Go through the entries and set each one down exactly.
^^^^^^^^^^^^^^^^
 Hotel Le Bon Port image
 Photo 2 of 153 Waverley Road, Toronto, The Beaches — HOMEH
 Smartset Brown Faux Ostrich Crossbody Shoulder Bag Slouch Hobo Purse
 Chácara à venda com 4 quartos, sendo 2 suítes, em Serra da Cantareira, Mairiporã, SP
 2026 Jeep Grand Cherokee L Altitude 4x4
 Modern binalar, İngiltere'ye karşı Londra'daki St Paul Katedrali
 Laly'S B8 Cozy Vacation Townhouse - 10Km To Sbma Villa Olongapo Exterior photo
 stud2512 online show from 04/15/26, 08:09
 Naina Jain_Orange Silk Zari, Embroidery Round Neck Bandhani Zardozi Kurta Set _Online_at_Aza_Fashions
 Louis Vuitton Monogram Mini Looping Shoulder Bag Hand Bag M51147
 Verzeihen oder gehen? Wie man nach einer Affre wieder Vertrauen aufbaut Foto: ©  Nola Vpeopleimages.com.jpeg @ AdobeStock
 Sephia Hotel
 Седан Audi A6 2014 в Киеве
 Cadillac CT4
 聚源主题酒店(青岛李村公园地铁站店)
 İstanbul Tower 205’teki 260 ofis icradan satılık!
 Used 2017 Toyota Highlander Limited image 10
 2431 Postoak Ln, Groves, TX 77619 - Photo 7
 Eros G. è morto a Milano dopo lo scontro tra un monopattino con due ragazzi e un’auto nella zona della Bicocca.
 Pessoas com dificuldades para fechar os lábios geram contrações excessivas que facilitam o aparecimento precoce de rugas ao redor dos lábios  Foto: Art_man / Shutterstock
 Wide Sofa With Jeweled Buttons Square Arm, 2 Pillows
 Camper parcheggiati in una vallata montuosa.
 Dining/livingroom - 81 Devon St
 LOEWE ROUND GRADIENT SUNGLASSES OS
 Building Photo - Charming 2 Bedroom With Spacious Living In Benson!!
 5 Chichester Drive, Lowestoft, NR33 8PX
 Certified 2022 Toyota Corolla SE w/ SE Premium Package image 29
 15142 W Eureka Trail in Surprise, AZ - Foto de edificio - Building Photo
^^^^^^^^^^^^^^^^
Exercise response
 Hotel Le Bon Port image
 Photo 2 of 153 Waverley Road, Toronto, The Beaches — HOMEH
 Smartset Brown Faux Ostrich Crossbody Shoulder Bag Slouch Hobo Purse
 Chácara à venda com 4 quartos, sendo 2 suítes, em Serra da Cantareira, Mairiporã, SP
 2026 Jeep Grand Cherokee L Altitude 4x4
 Modern binalar, İngiltere'ye karşı Londra'daki St Paul Katedrali
 Laly'S B8 Cozy Vacation Townhouse - 10Km To Sbma Villa Olongapo Exterior photo
 stud2512 online show from 04/15/26, 08:09
 Naina Jain_Orange Silk Zari, Embroidery Round Neck Bandhani Zardozi Kurta Set _Online_at_Aza_Fashions
 Louis Vuitton Monogram Mini Looping Shoulder Bag Hand Bag M51147
 Verzeihen oder gehen? Wie man nach einer Affre wieder Vertrauen aufbaut Foto: ©  Nola Vpeopleimages.com.jpeg @ AdobeStock
 Sephia Hotel
 Седан Audi A6 2014 в Киеве
 Cadillac CT4
 聚源主题酒店(青岛李村公园地铁站店)
 İstanbul Tower 205’teki 260 ofis icradan satılık!
 Used 2017 Toyota Highlander Limited image 10
 2431 Postoak Ln, Groves, TX 77619 - Photo 7
 Eros G. è morto a Milano dopo lo scontro tra un monopattino con due ragazzi e un’auto nella zona della Bicocca.
 Pessoas com dificuldades para fechar os lábios geram contrações excessivas que facilitam o aparecimento precoce de rugas ao redor dos lábios  Foto: Art_man / Shutterstock
 Wide Sofa With Jeweled Buttons Square Arm, 2 Pillows
 Camper parcheggiati in una vallata montuosa.
 Dining/livingroom - 81 Devon St
 LOEWE ROUND GRADIENT SUNGLASSES OS
 Building Photo - Charming 2 Bedroom With Spacious Living In Benson!!
 5 Chichester Drive, Lowestoft, NR33 8PX
 Certified 2022 Toyota Corolla SE w/ SE Premium Package image 29
 15142 W Eureka Trail in Surprise, AZ - Foto de edificio - Building Photo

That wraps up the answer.